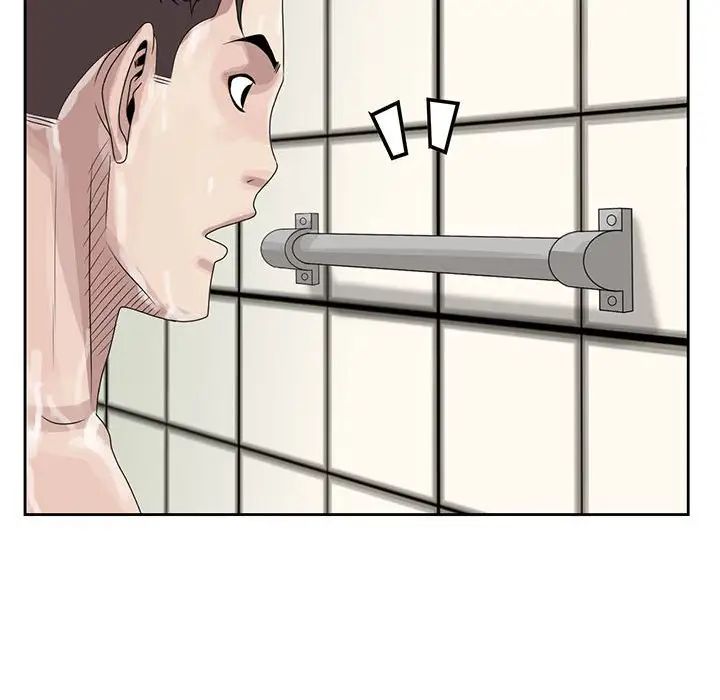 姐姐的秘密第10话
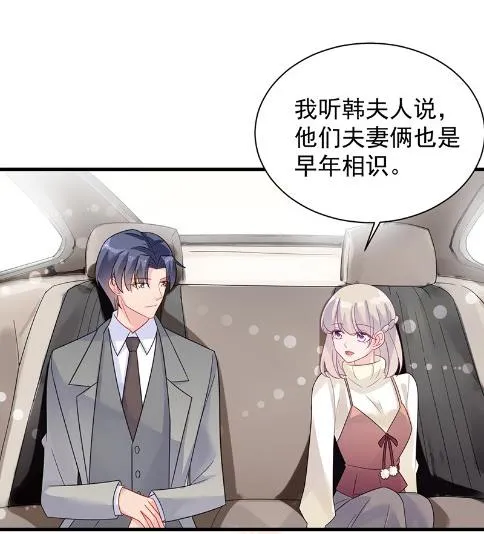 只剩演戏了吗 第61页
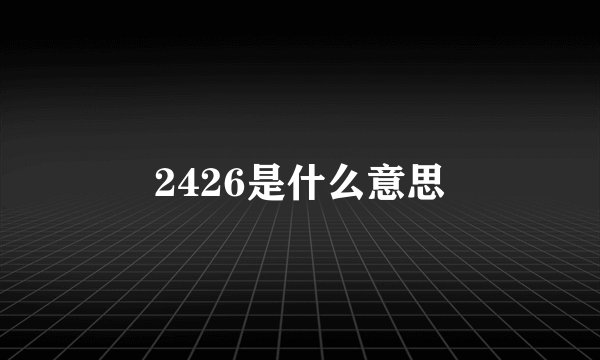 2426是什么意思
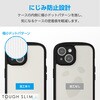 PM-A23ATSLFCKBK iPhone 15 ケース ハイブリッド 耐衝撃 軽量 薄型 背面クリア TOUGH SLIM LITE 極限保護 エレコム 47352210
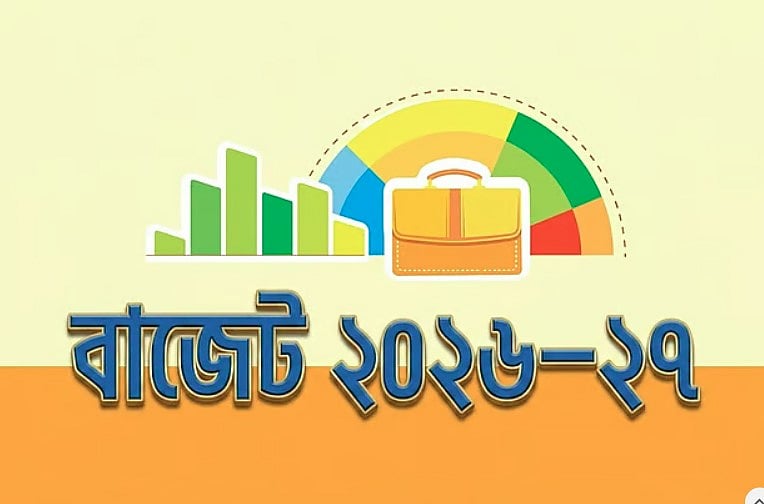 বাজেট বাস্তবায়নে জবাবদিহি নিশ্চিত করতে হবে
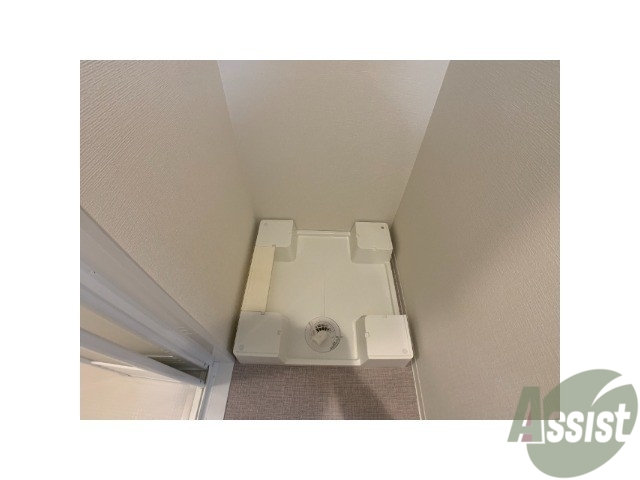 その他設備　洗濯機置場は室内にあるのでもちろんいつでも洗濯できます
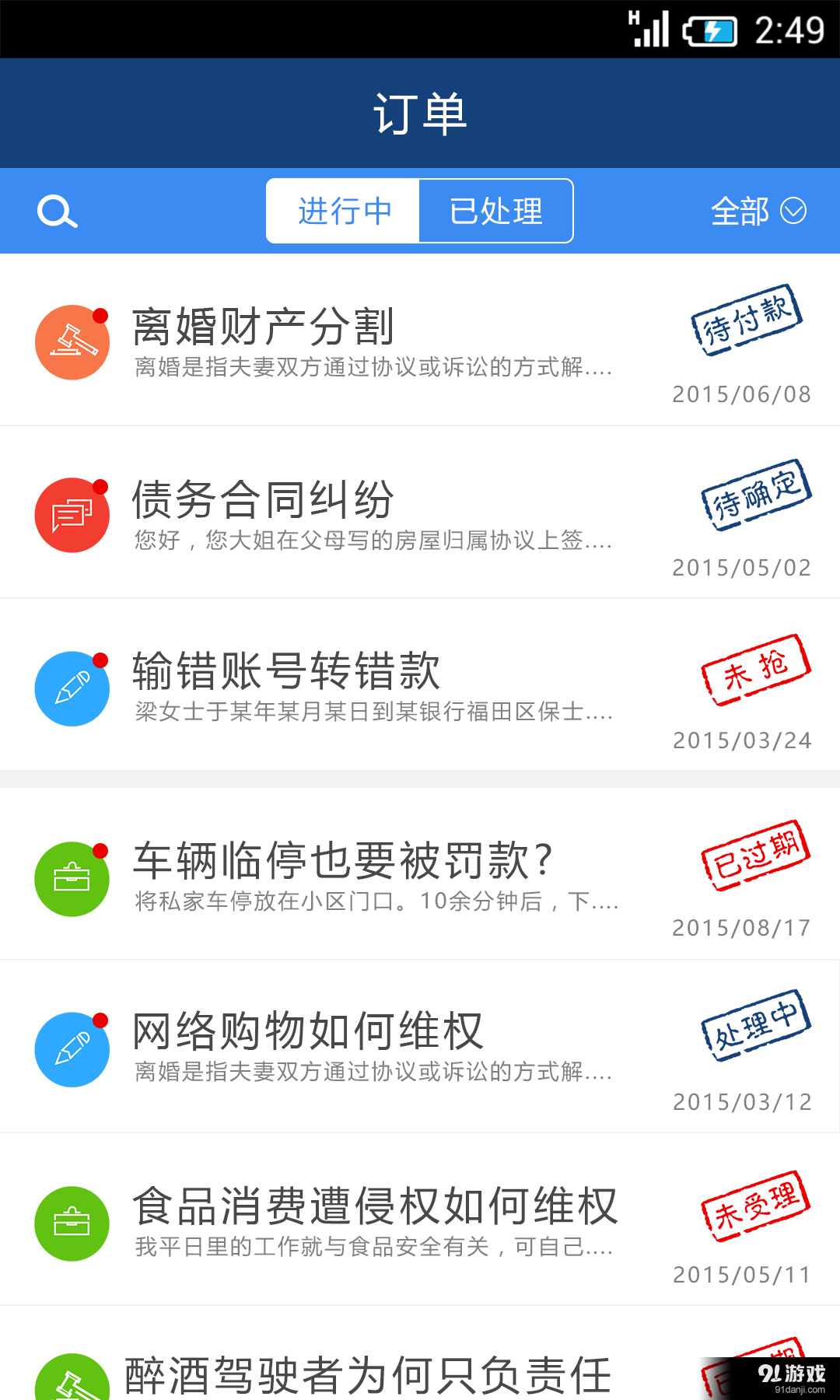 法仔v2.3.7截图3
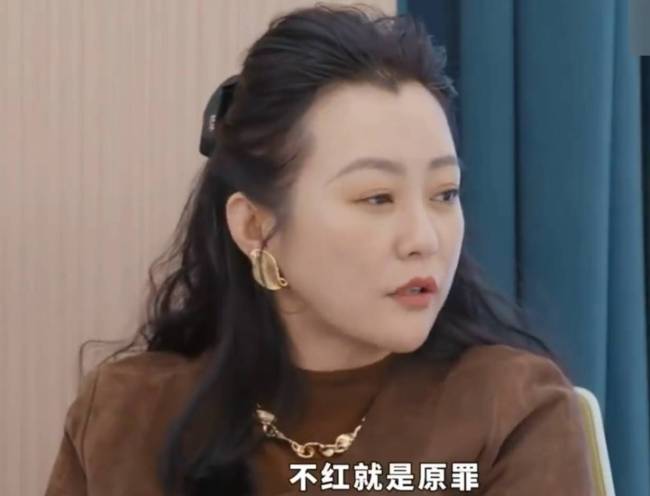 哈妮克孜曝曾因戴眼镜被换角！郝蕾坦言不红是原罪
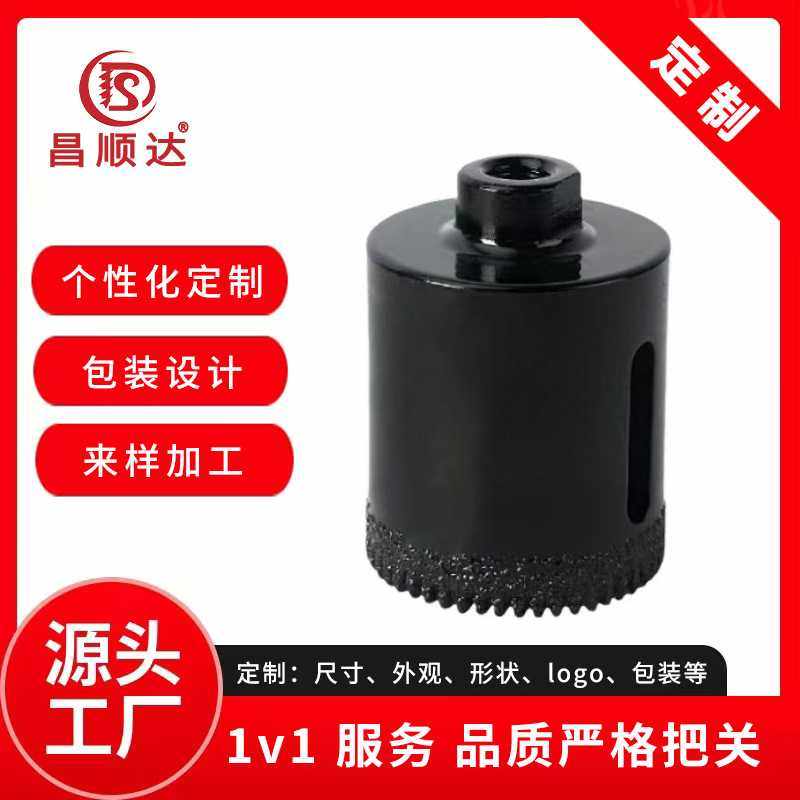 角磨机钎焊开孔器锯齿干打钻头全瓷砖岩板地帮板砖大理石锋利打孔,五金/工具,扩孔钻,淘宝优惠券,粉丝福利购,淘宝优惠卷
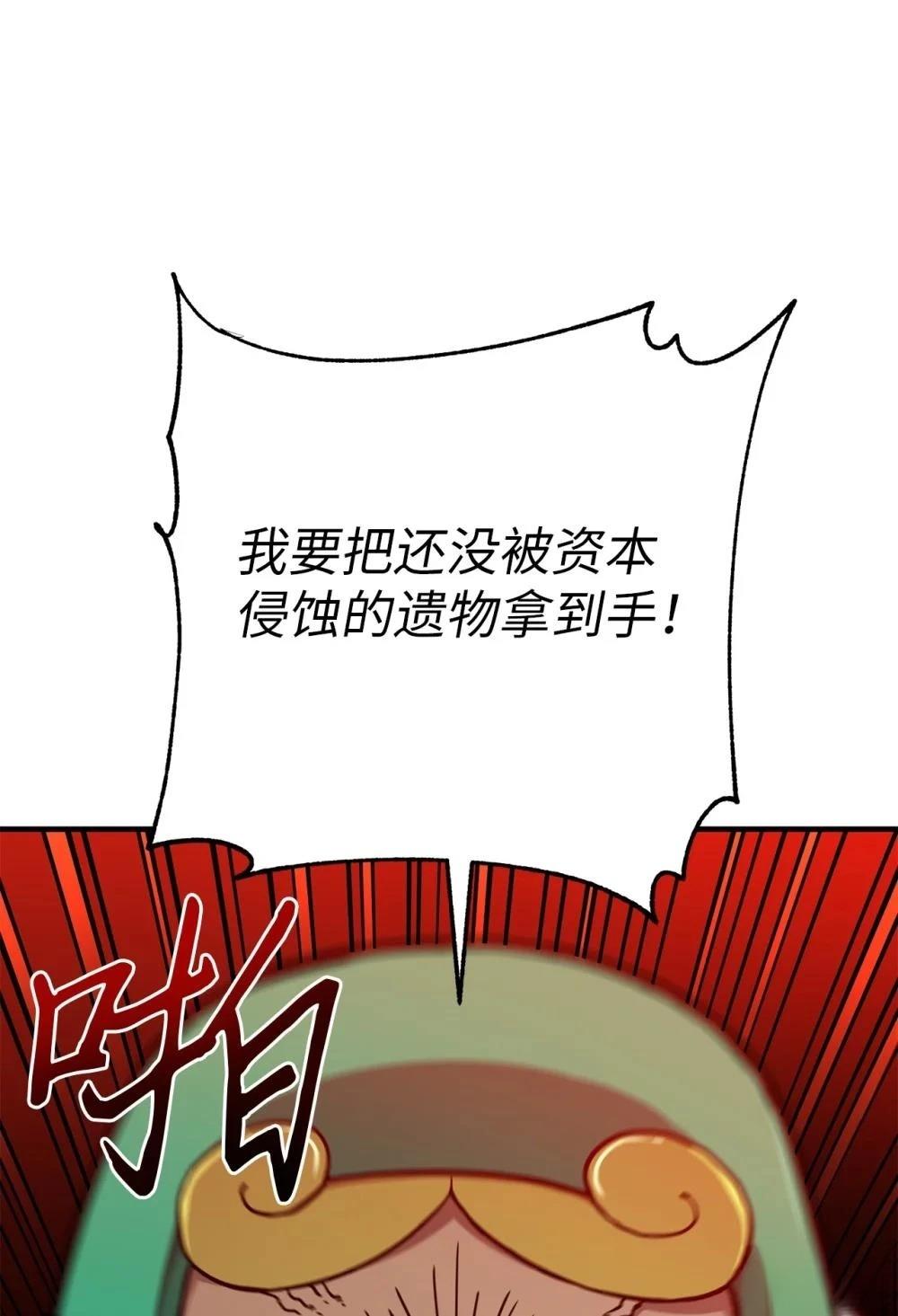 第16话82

⁂

**WHAT YOU ARE ASKED TO DO**
All entries should be reproduced exactly; no picture belongs in the result.

**RESULT BELOW**
 姐姐的秘密第10话
 只剩演戏了吗 第61页
 2426是什么意思
 PM-A23ATSLFCKBK iPhone 15 ケース ハイブリッド 耐衝撃 軽量 薄型 背面クリア TOUGH SLIM LITE 極限保護 エレコム 47352210
 বাজেট বাস্তবায়নে জবাবদিহি নিশ্চিত করতে হবে
 その他設備　洗濯機置場は室内にあるのでもちろんいつでも洗濯できます
 法仔v2.3.7截图3
 哈妮克孜曝曾因戴眼镜被换角！郝蕾坦言不红是原罪
 角磨机钎焊开孔器锯齿干打钻头全瓷砖岩板地帮板砖大理石锋利打孔,五金/工具,扩孔钻,淘宝优惠券,粉丝福利购,淘宝优惠卷
 第16话82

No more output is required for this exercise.